Data provided:
§ §
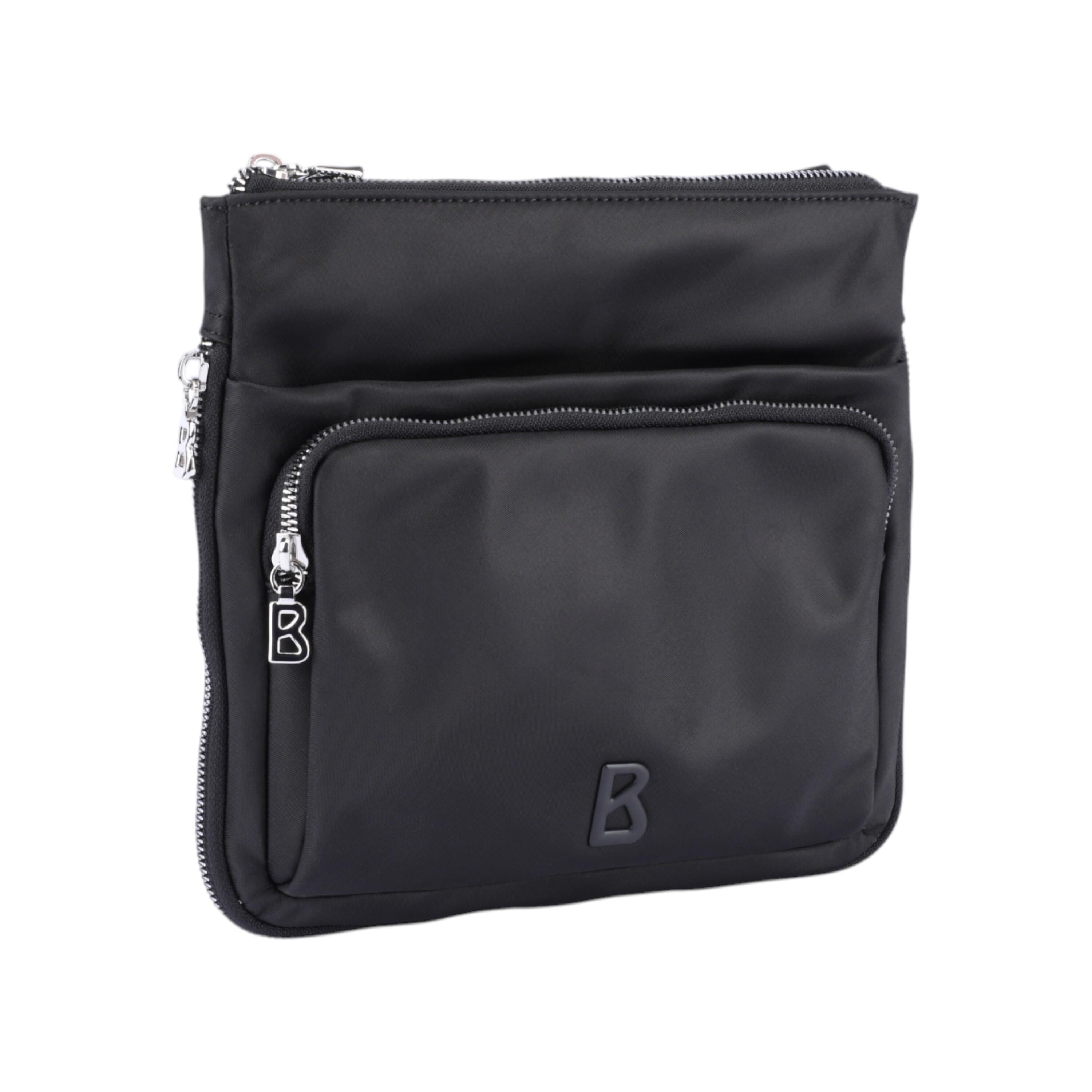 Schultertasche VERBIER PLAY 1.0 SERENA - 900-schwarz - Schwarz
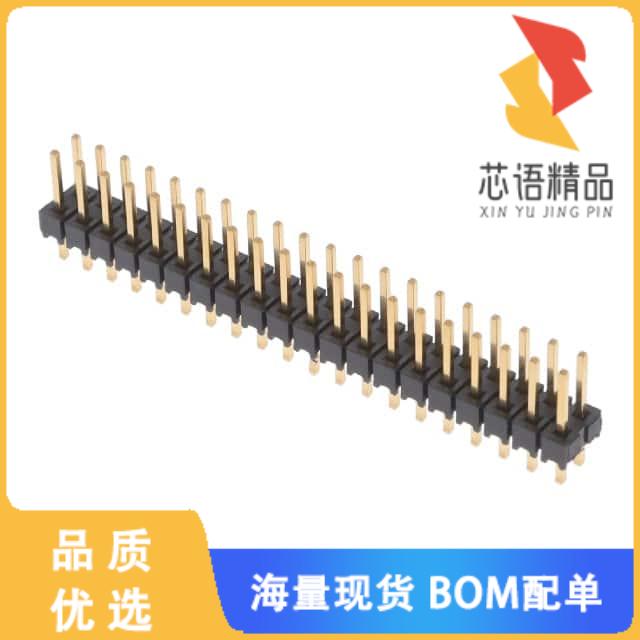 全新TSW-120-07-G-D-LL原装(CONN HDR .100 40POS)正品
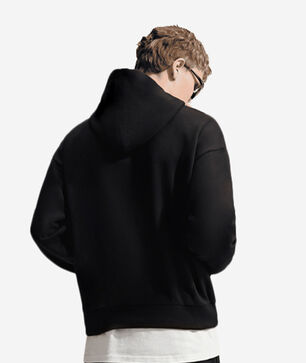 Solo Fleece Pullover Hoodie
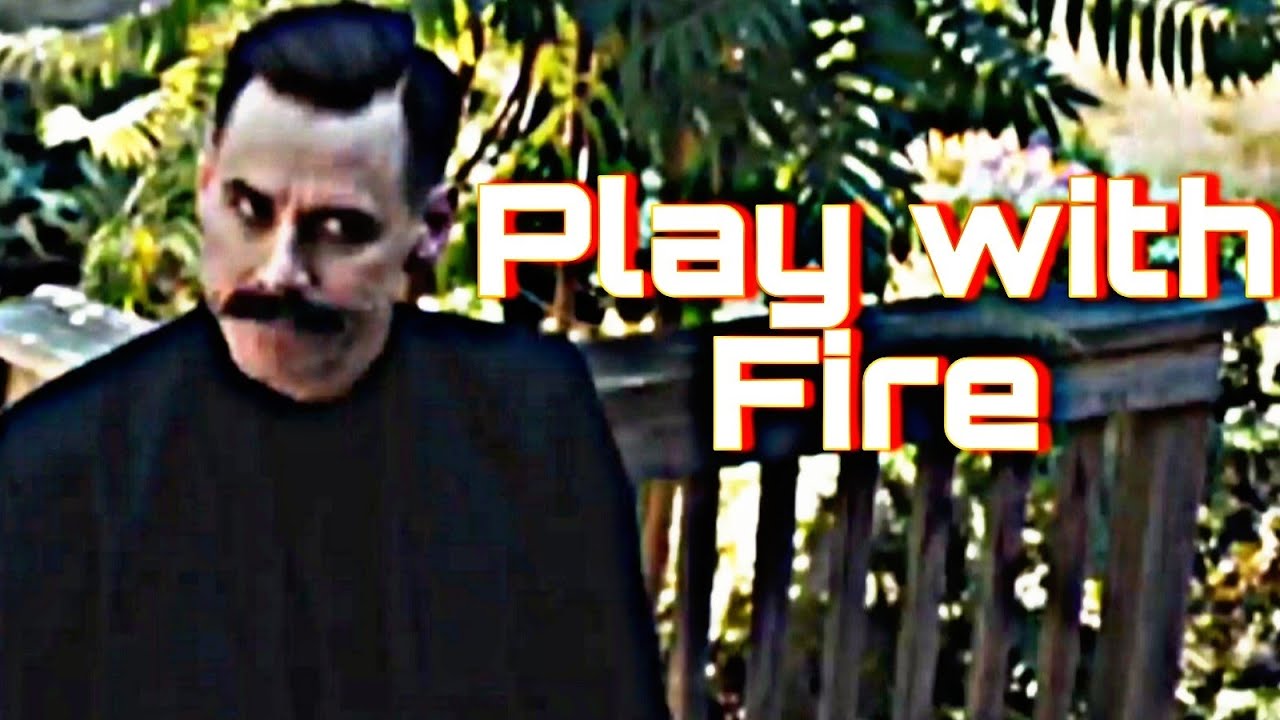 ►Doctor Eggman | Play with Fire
§ §
Activity:
Quote the material exactly. Pictures stay out.

Written answer:
 Schultertasche VERBIER PLAY 1.0 SERENA - 900-schwarz - Schwarz
 全新TSW-120-07-G-D-LL原装(CONN HDR .100 40POS)正品
 Solo Fleece Pullover Hoodie
 ►Doctor Eggman | Play with Fire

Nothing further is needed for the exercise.